Using stable-structures: Increasing size limits and dropping the stable collection?

When using stable-structures’ stable BTreeMap, we need to specify the max size for the key and value as shown here:

Can we increase the allocated size for the value post creation?

My use case is, right now I am storing a custom struct with 2 fields currently and I’ve specified the max size for it now. But, in the future, I might be looking to add another field to the custom struct. To do that, I might need to increase the size of the value to accommodate the new field? Is this possible and will this work?

Secondly, can I drop an existing stable BTreeMap and remove it from the memory? Additionally, I remember from a conversation with @ulan, canisters can right now only grow their memory usage and not free up unused stable memory, hence not pay for storage not being used.

What’s the behaviour for stable BTreeMap? Is there a way to drop an existing collection? Can the allocated stable memory for it be reused by another collection?

Having these details added to the docs/examples would be really helpful.

@ielashi Thoughts?

1 Like

This is currently not possible unfortunately. Once you’ve set a max key/value size, these cannot be increased, so if you anticipate adding more fields, you have three options:

  1. Set a large value size in advance to accommodate future fields. This is the simplest and what I’d recommend.
  2. Add a new BTree containing the new fields. For example, if you currently have a BTreeMap<K, V1> and you want to add a field V2, you can introduce a BTreeMap<K, V2> to add the new value.
  3. Migrate to a new BTree containing the updated fields and max sizes, perhaps by writing a heartbeat that migrates a few entries on each round. This is the most complex of the solutions, but still manageable.

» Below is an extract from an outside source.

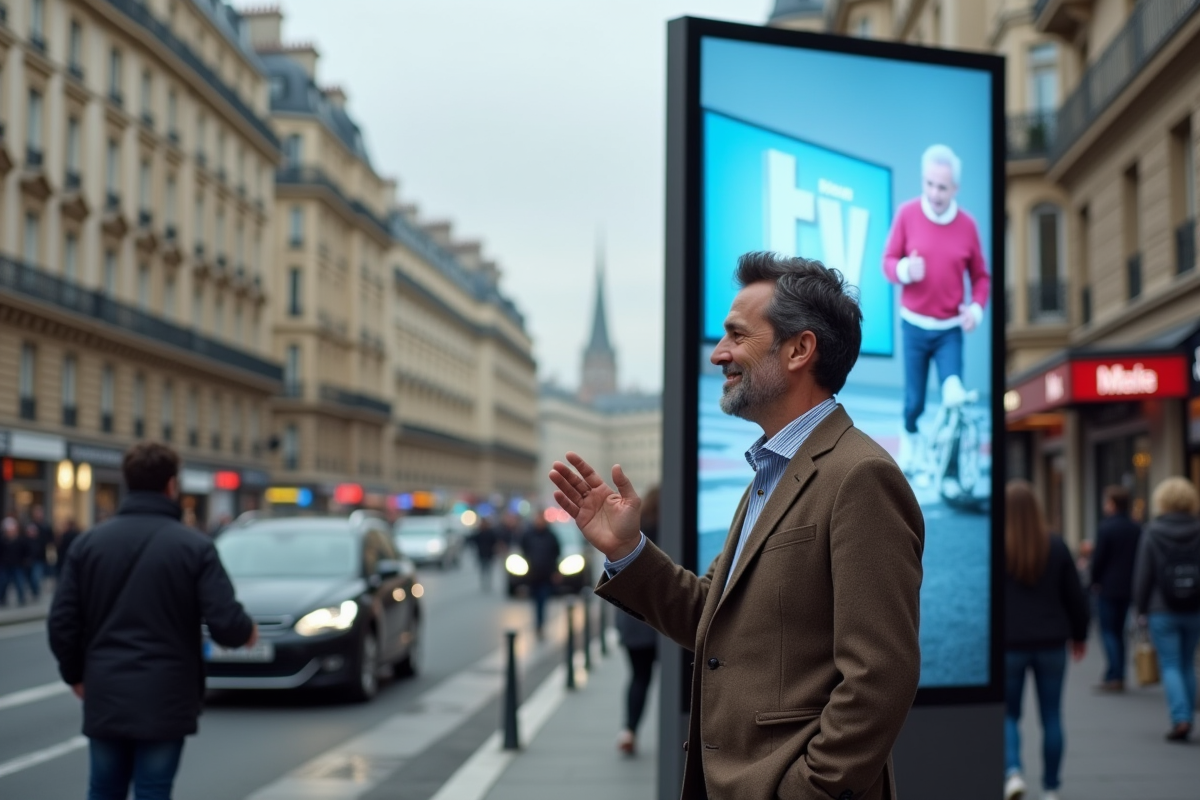 Homme parisien devant une grande affiche publicitaire urbaine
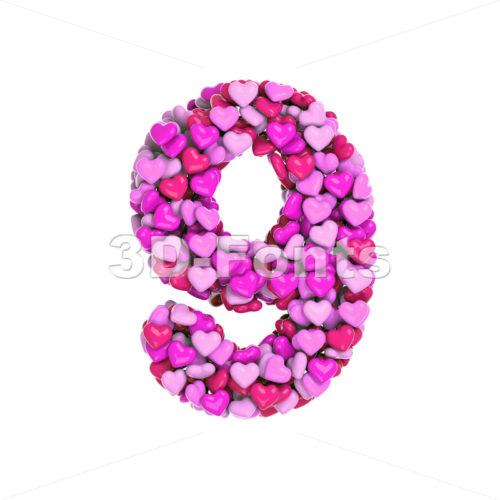 Valentine number 9 - 3d digit - 3d-fonts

Point 3 above brings me to your second question:

It is correct that memory at the moment cannot shrink, but there’s no technical reason to not allow this in the future. If you’re using the MemoryManager for your stable structures, you can reinitialize a BTreeMap (hence, dropping the existing collection), by using StableBTreeMap::new, which overwrites whatever StableBTreeMap that was already there, so this allows you to reuse a memory that was previously allocated by a prior StableBTreeMap, but it won’t shrink your canister’s memory.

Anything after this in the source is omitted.